WORK INSTRUCTION: In the records below, find the line that contains "Vrijheidsplaat 61 Emmeloord thumbnail 31" and the line that contains "新入りのIKEAサメ🦈( '-' 🦈)ｻﾒｯﾃｨ". Set down exactly those lines and every line between them, and nothing more.

RECORDS PROVIDED:
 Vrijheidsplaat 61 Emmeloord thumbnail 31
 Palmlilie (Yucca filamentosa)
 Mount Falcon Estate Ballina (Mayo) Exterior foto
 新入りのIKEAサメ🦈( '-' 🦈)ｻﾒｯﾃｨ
---
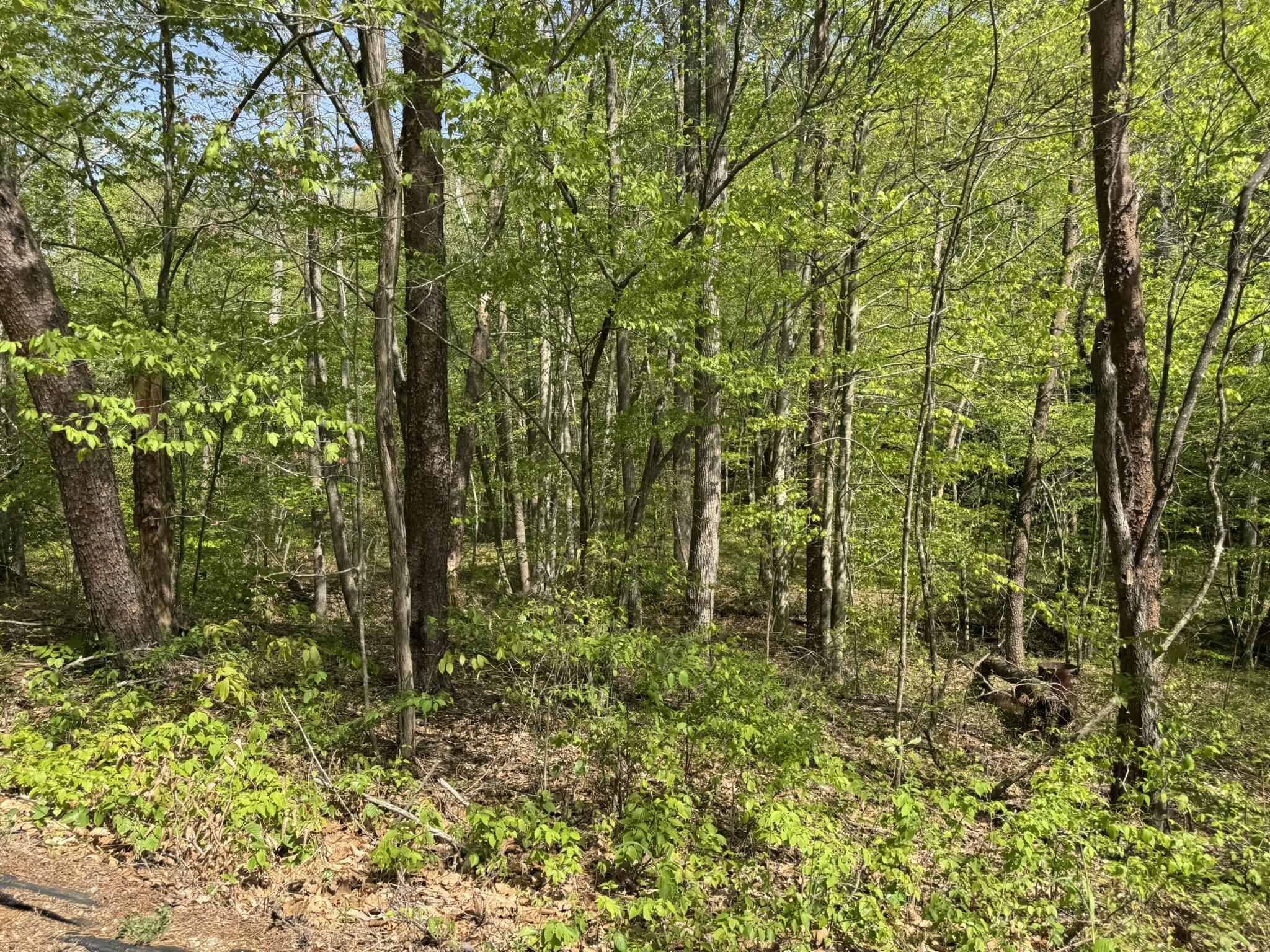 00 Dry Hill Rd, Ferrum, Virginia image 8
---
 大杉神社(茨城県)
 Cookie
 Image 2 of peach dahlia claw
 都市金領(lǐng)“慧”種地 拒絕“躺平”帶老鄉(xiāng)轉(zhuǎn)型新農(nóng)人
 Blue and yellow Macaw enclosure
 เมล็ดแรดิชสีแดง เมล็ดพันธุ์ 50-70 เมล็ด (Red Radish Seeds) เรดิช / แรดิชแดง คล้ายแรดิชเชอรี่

WRITTEN REPLY:
 Vrijheidsplaat 61 Emmeloord thumbnail 31
 Palmlilie (Yucca filamentosa)
 Mount Falcon Estate Ballina (Mayo) Exterior foto
 新入りのIKEAサメ🦈( '-' 🦈)ｻﾒｯﾃｨ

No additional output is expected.